Roma’da Sessiz Bir Sabah: Elveda Papa Francis

Roma’da sıradan gibi başlayan bir sabah, dünyanın ruhani kalbinde yankılanan büyük bir sessizlikle anlam kazandı. Papa Francis’in vedası, sadece bir insanın değil; bir dönemin, bir duruşun, bir tevazu mirasının son sayfasıydı.
Vatikan’ın Sessizliğinde Bir Veda
Soğuk bir Roma sabahında, Vatikan’ın sessiz duvarlarının ardından bir haber yükseldi: Papa Francis, 88 yaşında hayatını kaybetti. Ardında, alçakgönüllülük, dua ve ruhani bir onurla dolu bir miras bıraktı.
Gölgede Doğdu, Işıkta Parladı
Asıl adı Jorge Mario Bergoglio olan Papa, Buenos Aires’in mütevazı sokaklarında doğdu. Demiryollarında çalışan göçmen bir baba ve ev hanımı bir annenin çocuğuydu.

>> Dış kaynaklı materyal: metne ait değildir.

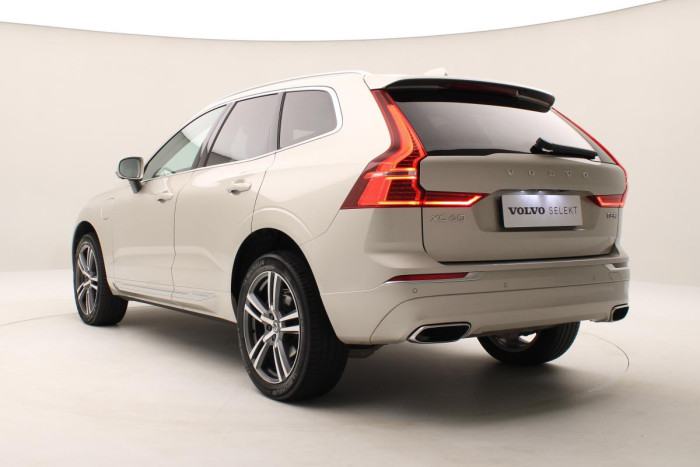 Volvo XC60 T8 AWD INSCRIPTION REZERVACE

Kalbine ekilen tevazu tohumları, bir gün onu ruhani bir tahtın zirvesine taşıyacağını henüz kimse bilmiyordu.
Fabrika, Eğlence ve Kader Arasında
Kimyager olarak çalıştı, gece bekçiliği yaptı ve müziğe tutkundu. Tüm bunlar, daha derin bir hikâyenin yüzeydeki kısmıydı. Bir gün tesadüfen bir kiliseye girdi ve oradan, kalbi dünyadan daha büyük bir şeyle dolmuş olarak çıktı.
Annesinin İstememesine Rağmen Rahip Oldu
Rahip olmak istediğini annesine söylediğinde, annesi endişeyle ağladı ama onu reddetmedi. Sonra, kutsanmasını istemek için geri döndü.

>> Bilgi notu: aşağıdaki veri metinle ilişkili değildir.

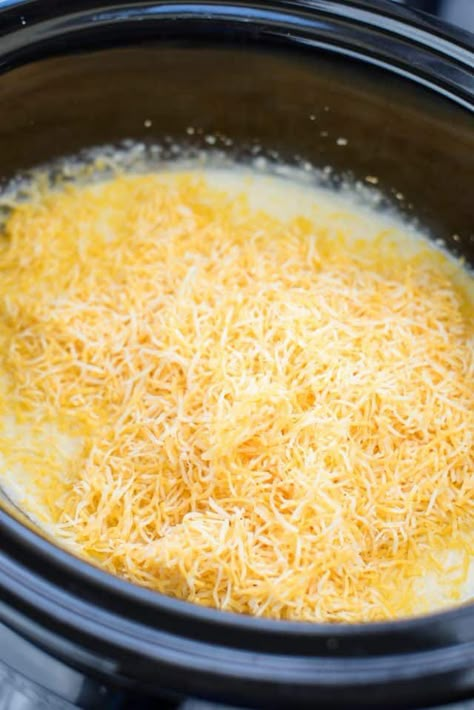 Overnight Slow Cooker Cheese Grits - An Alli Event Paula Dean Cheese Grits, Cheese Grits With Velveeta, Grits In Crockpot, Taco Soup Slow Cooker, Cheese Grits Casserole, Cheese Grits Recipe, Breakfast Crockpot, Slow Cooker Pork Loin, How To Cook Grits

Bazen büyük kalpler, çocuklarının attığı adımları ancak onlar yürüdüğünde anlayabilir.
Şehrin Metrosunda Haçını Taşıyan Rahip
Altına değer verilen bir dünyada, Papa asil bir sadeliği seçti: Resmî aracı kullanmadı, küçük bir dairede yaşadı ve metroyla seyahat etti. Ona göre, insanları gerçekten duymak isteyen biri, onların arasında oturmalıydı.
Geceleri Gizlice Yardım Eden Papa
Papa yalnızca Aziz Petrus’un balkonunda görünmüyordu, arka sokaklardan da görülürdü. Geceleri gizlice ihtiyaç sahiplerine yardım ulaştırırdı. O sadece bir dinî sembol değil, karanlıkta bile merhameti bilen gerçek bir insandı.
Sadelikle Geçen Bir Hayat
Yemeğini kendi pişirirdi, yerel futbol takımını desteklerdi ve kutsama mektuplarını kendi eliyle yazardı. Mezarı için bile sade bir kilise istedi; büyük törenlerden uzak. Hayatını nasıl yaşadıysa, uykusuna da o şekilde gitmek istedi.
Çağrı Geldiğinde Duyabiliyor musun?
Papa olmayı aramıyordu, ama kaderin çağrısına kulak verdi.
Peki biz, hiç beklemediğimiz bir anda kapımızı çalan o çağrıya kalbimizi açmaya hazır mıyız? Belki de o çağrı, var oluş amacımızdır.